== Task requirements ==
Copy out exactly the lines below that run from the one holding "- A1 Tooling" to the one holding "Pikachu Yellow Character", keeping both of those lines and no others.

== Data provided ==

= = =

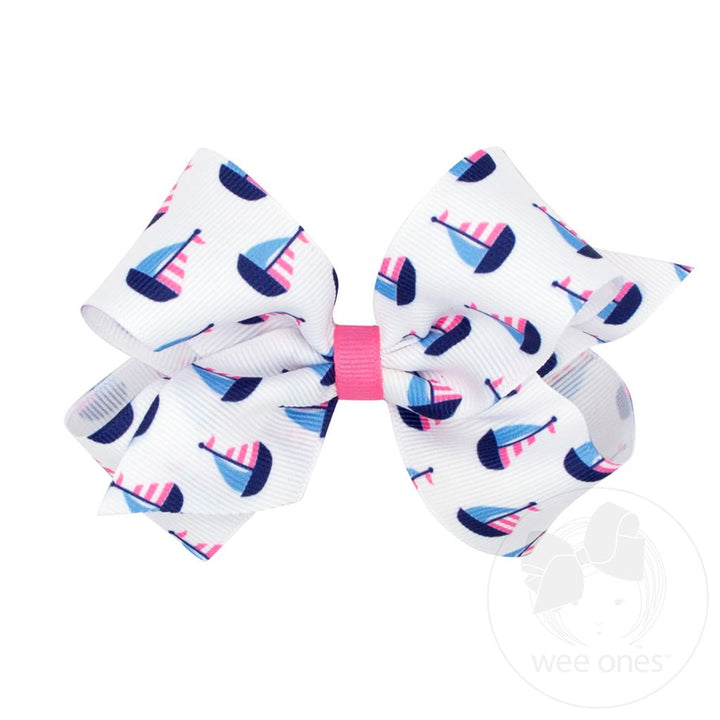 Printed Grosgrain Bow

= = =

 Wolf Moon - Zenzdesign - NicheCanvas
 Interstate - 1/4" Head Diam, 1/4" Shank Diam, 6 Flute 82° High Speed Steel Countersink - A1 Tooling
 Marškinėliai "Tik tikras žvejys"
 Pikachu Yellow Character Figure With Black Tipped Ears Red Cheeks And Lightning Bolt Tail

= = =

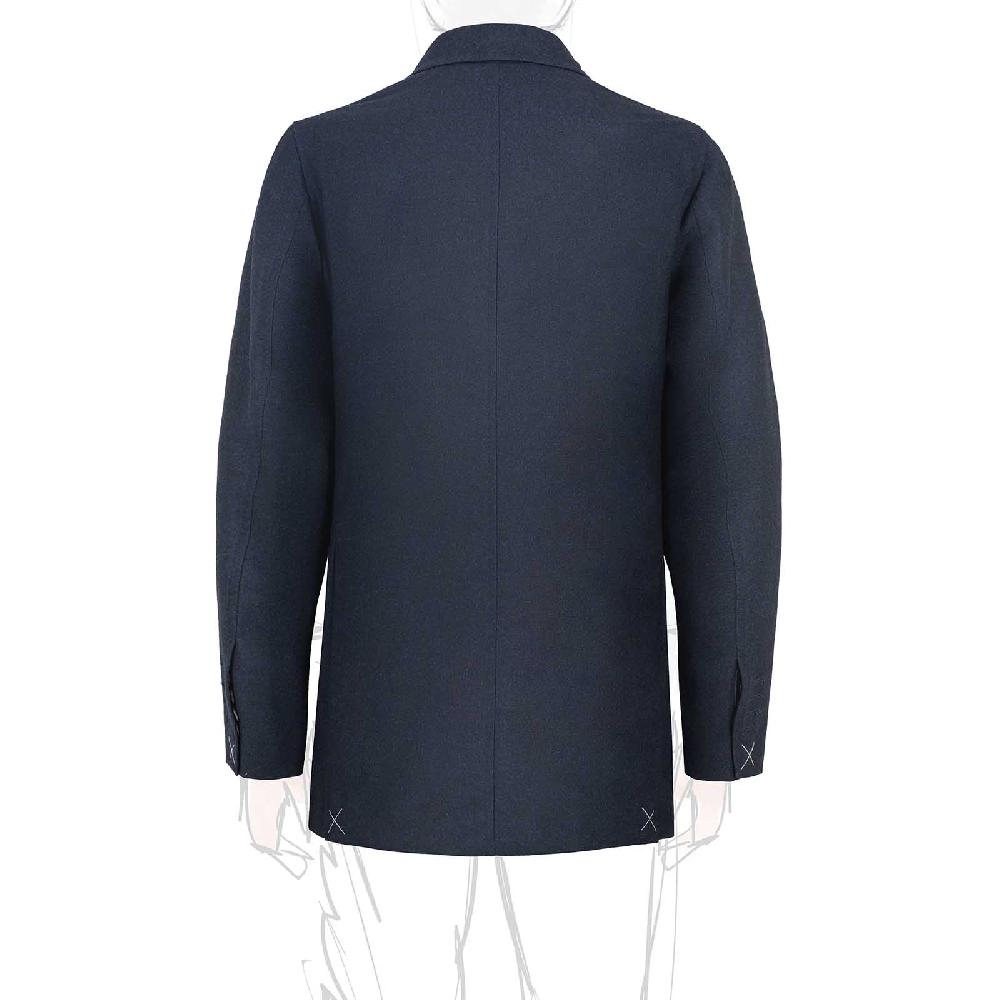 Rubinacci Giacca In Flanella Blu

= = =

== Solution to this exercise ==
 Interstate - 1/4" Head Diam, 1/4" Shank Diam, 6 Flute 82° High Speed Steel Countersink - A1 Tooling
 Marškinėliai "Tik tikras žvejys"
 Pikachu Yellow Character Figure With Black Tipped Ears Red Cheeks And Lightning Bolt Tail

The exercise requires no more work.